We want teams to be able to focus on those products and then just use the automation to deliver them.

We don't deliver it for them, we just build the automation.

We're using open source tools and scaling them to Walmart, and I'll tell you, we break a lot of tools.

And we want to make the right thing the easy thing.

We want you to flow downhill to success.

The initiative we work on is called Irresistible Developer Experience.

We want you to use the tools because they believe that they are better, that they're easier to use.

And we find it's really fast to onboard people on these tools.

Our delivery platform is designed to be implemented by all the teams across all the tech stacks in the organization.

Having this single pipeline allows for security and code standards to be consistent across all the products in the enterprise.

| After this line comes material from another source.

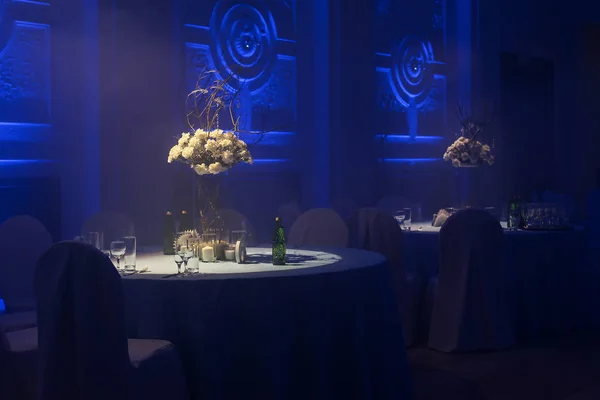 Banquet room in a blue haze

New tools and controls can be injected, and all teams can immediately benefit.

Our platform uses simple configuration files that hide the complexity of the implementation from the development teams.

And not all of the features are able to be configured by the developers.

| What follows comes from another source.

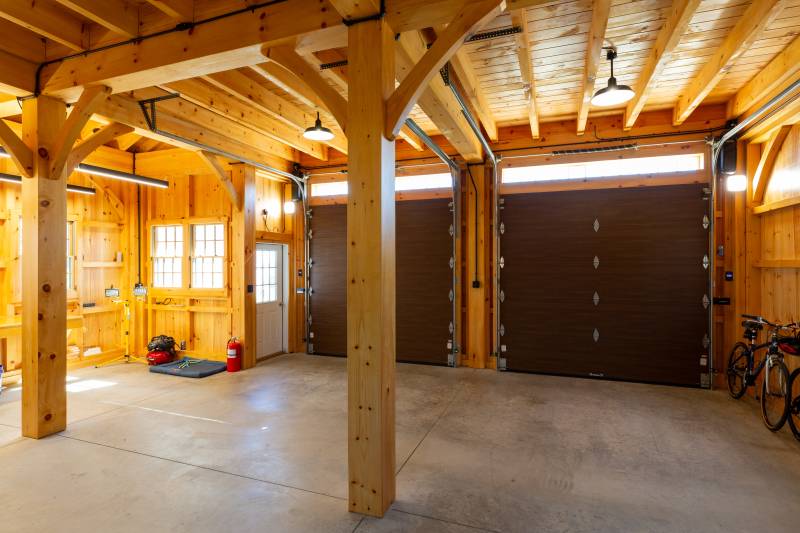 Two Overhead Doors • Entry Door on the Right • post & beam timber frame carriage barn garage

Things like code scanning and security controls are automatically turned on.

Developers don't have to set those up, and more importantly, they can't be skipped.

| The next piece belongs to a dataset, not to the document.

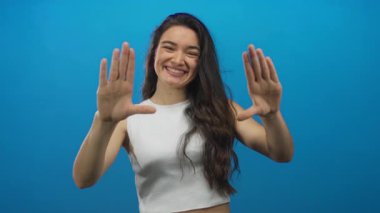 Kadın, elleri stüdyoda mavi bir zemin ile bir çerçeve jesti yapar; yaratıcılık hayal gücü oyunculuğu.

We actually showed this slide in a Continuous Chai presentation, and one of the developers there noted that he'd never really seen all the intricacies that go on within the pipeline.

To him, it was kind of like magic.

He said, "As a developer, it's almost transparent to me.

It goes to Git, it gets built, magic happens." An example is Concord.

It's our workflow orchestration engine.

It's a general automation tool.

We use it mostly for our CD pipelines.

We also use it for any just automation we want to do, including signing people up for classes.

It's got plug-ins for all the tools we use.

It's easily extensible for other plug-ins that we need, and more importantly, developers don't need to understand the underlying implementation.

All they need to understand is how to call those things from Concord. And because it's been planned from day one to release this back to the community as open source, it's enabled a use case for Dana's team.

Yeah.

My team actually supports our security infrastructure and incident response teams.

And because of that, we are on a completely segregated air-gapped network.

Because it's designed to be released to the broader community, it's designed to be very easy to install.

We're able to implement our enterprise platform in our segregated network and very easily pull in the new features and still be able to take advantage of all the work going on across the enterprise.

And here's an example of how simple it is to configure the tools from the developer's standpoint.

We simply have a configuration file located right alongside the code using a simple declarative language.

This allows for configuring and versioning individual repositories to be very simple.

It hides the complexity from the developers, and each feature is just a simple function call.

We can see right here that a single line of code calls Hygieia and publishes the build metrics from this repo.

And metrics are also very important.

If teams have pipelines but they don't have goals to deliver to, they have no idea what the outcomes are supposed to be.

So it's really important to make those goals clear and make the metrics clear so they understand how they're trending against those goals.

And to do that, we use Hygieia.

So if you don't know about Hygieia, Capital One open sourced Hygieia several years ago.

There's been teams around our building who've been using it for years, and we now have it integrated into our pipeline.

We've also-- I'm sorry.

Wow.

Anyway, it gives you a real-time view of the CD pipelines, and it's a really important tool for the teams.

Yeah.

The product dashboard gives teams the metrics they need to understand the health of each individual repository with metrics including build stability, the frequency of commits to master, static analysis, and test results, as well as code coverage and the frequency of deploys per day within each environment.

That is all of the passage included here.